The metrics worth monitoring closely depend on your objectives, but there are a few that cut across almost every account type:
When you are looking at agencies or freelancers to run your Google Ads, the questions you ask during the selection process matter. Asking about results at a surface level gets surface level answers. More revealing questions require specificity.
Ask them how they would set up accounts for businesses like yours. Ask them what their process is for conversion tracking setup and verification? Ask about how they handle negative keywords and how frequently they review search term reports. Ask them what they do when a campaign isn't working. Ask who does the daily work on your account and who manages the relationship.

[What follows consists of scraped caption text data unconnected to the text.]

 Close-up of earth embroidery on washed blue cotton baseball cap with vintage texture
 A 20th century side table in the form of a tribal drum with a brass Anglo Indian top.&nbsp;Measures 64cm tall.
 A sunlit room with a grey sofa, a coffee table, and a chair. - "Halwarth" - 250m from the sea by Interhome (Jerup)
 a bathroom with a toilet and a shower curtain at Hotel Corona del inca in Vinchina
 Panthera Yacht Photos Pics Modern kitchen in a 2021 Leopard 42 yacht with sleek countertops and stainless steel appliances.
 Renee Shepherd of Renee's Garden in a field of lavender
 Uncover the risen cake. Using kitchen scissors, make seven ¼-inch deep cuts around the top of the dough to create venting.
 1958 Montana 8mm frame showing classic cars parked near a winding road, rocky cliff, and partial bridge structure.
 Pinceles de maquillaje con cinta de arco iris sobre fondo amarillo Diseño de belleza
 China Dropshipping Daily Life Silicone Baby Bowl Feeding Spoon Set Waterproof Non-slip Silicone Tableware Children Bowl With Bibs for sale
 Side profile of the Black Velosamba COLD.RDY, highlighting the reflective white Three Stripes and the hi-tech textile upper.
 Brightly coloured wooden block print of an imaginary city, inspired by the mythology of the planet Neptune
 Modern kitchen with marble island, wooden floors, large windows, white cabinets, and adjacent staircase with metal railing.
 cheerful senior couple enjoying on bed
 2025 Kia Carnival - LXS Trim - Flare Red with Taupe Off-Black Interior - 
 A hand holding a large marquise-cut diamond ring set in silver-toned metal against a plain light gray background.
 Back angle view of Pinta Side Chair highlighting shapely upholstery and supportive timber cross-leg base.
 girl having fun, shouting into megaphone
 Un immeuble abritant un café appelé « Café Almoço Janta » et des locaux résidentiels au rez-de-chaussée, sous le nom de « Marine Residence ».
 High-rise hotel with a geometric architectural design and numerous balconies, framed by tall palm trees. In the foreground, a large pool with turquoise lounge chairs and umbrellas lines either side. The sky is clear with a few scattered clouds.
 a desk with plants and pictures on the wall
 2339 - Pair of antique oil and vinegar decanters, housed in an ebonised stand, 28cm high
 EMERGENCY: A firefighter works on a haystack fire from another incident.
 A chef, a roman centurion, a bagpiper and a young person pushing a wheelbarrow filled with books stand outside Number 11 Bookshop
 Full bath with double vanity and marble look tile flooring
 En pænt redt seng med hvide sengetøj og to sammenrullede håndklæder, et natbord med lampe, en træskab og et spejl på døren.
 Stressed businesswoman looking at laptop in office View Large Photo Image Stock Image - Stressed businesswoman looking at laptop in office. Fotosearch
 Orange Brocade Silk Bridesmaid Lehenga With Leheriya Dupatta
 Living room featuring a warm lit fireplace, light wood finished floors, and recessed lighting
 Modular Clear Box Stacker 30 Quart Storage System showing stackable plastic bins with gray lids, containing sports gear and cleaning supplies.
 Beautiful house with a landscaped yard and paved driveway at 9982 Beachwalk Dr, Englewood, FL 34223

In-house management means full visibility, faster communication between ads and the rest of your marketing function, and not paying account management fees eating into your media budget.
Agencies usually have more specialisation, the opportunity to work on more accounts than any in-house team could ever hope to experience and Google support at levels above what most individual advertisers can access.
Freelancers can provide the depth of a senior specialist at a lower cost than an agency retainer, and with more direct accountability.
No matter what you do, you need to maintain access to your own Google Ads account. Your campaign history, conversion data, and audience lists are gold. Never go for a deal in which the provider holds the account.
Start with a budget that is based on your target cost per acquisition and customer value, with the collected data increase it.
Though most campaigns require 2-4 weeks to learn and 6-8 weeks to deliver stable results.
For Search Ads, a CTR of 3-6% is generally considered good. Focusing on improving your own CTR over time.
Use exact match for more control in new campaigns, broad match works better once you have enough conversion data.
Quality Score (1-10) measures the relevancy of your ad, your expected click-through-rate and the landing page experience. With higher score improves ad ranking while lowering cost per click.
One of the most measurable forms of advertising that exists is Google Ads. Every click, conversion, and rupee spent can be tracked. That transparency is its biggest strength compared to many other channels. And that's why bad execution is so obvious. When the numbers don't add up, you can't get away with anything.